How Stress Is Aging You Quickly

Image: Sodanie Chea

You feel stressed when you feel there is a pressure or a threat. When you’re under stress, you may feel nervous, tensed, or on the edge.

In contrast to how people perceived it, stress isn’t entirely bad. In fact, under certain circumstances, it can help you perform better and provide you with motivation to do your best. In some situations, stress can be a good thing. However, when you’re constantly under stress, your health can be compromised. Your system is always on the fight-or-flight mode, leaving you feeling overwhelmed and tired.

Researchers have found out that chronic stress can play a role in the development of different conditions such as depression, anxiety, immune system problems, skin conditions like eczema, sleeping difficulties, kidney problems, weight issues, and even heart disease. And if you’re worried about aging, then the more you should learn to manage stress effectively as it can affect the aging process.

How Stress Affects the Aging Process

When you are under stress, the body creates a fight-or-flight reaction, triggering the release of stress chemicals in the body. The release of these chemicals create biological changes which in the long run could break down the body.

Cellular Damage

In a study published by the journal Plos One, researchers found out that those who suffer from severe exhaustion from work have shorter telomeres. The length of telomeres can affect the pace of aging as well as the onset of age-related diseases like cardiovascular diseases, Parkinson’s disease, and type 2 diabetes.

Cellular Aging

It’s not just the actual exposure to stress that can affect the aging process.
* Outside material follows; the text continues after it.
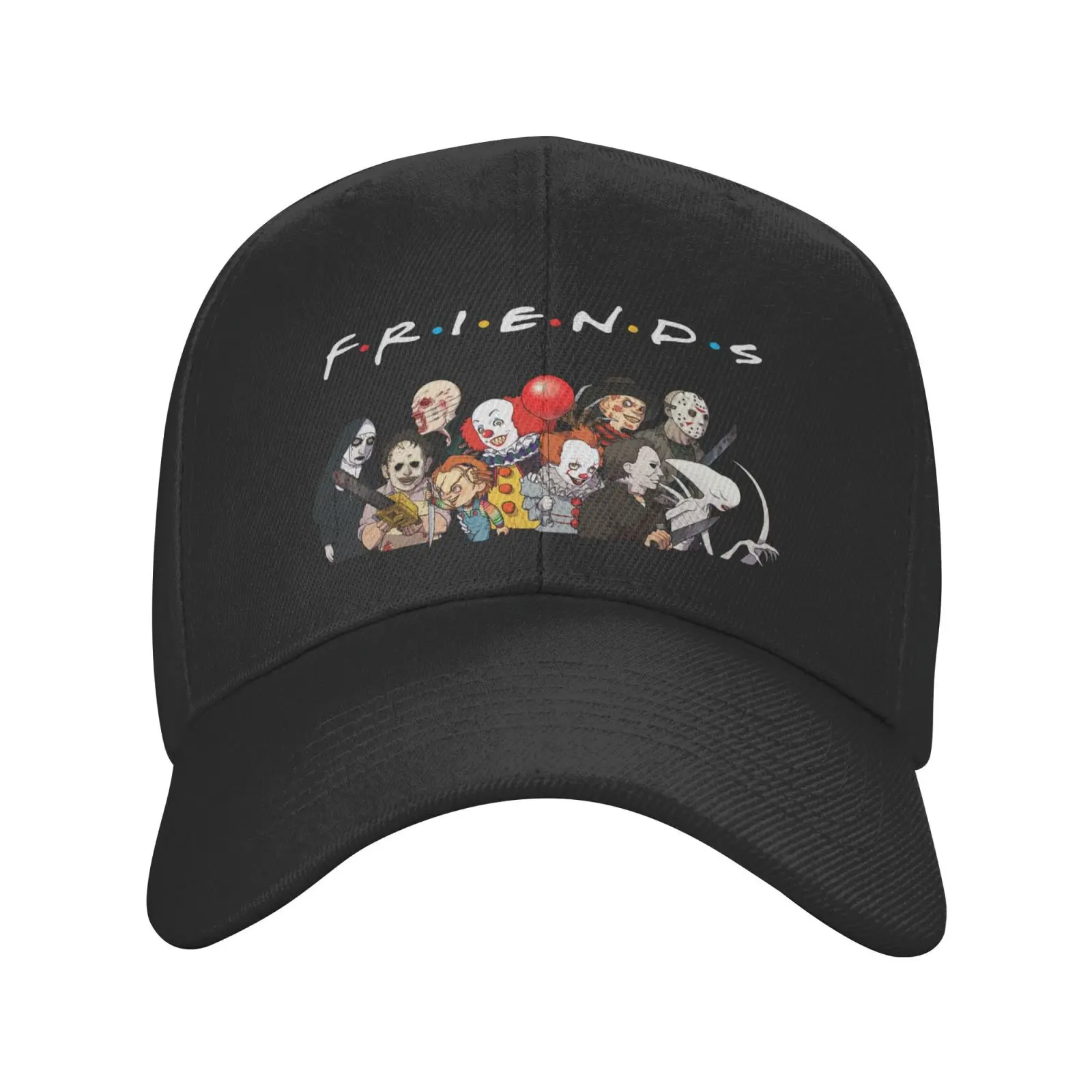 Horror Friends Chucky Pennywise Michael Baseball Cap For Men Beret Women Men's Caps Cap Male Hip Hop Caps Cowboy Hat For Girls
Horror Friends Chucky Pennywise Michael Baseball Cap For Men Beret Women Men's Caps Cap Male Hip Hop Caps Cowboy Hat For Girls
Researchers from UC San Francisco have discovered that even the mere anticipation of stress can have an impact on cellular aging. This anticipation to stress can put someone at risk for having shorter telomeres.

Brain Aging

Having higher load of stress doesn’t just predispose a person to heart disease but also to diseases that can affect the brain like Alzheimer’s disease. In one research, it shows that chronic stress can put someone at greater risk for developing Alzheimer’s disease. Since some women are exposed to more stress than men, they are also shown to have brains that age more prematurely.

Vision and Hearing Loss

When the body is on a fight-or-flight mode, a hormone adrenaline is released into the bloodstream to prepare the body for the threat. While it is helpful in certain situations, constantly putting oneself under stress leads to constant pumping of the hormone adrenaline which can temporarily affect vision and hearing. This has something to do with the hormone’s constricting effect on the blood vessels.

Poor Lifestyle Choices

Constant exposure to stress often lead to a myriad of health problems because it causes people to make unhealthy choices like eating poorly, exercising less, abusing substances like alcohol and tobacco, and sleeping less. All these contribute to the development of chronic and potentially life-threatening health conditions.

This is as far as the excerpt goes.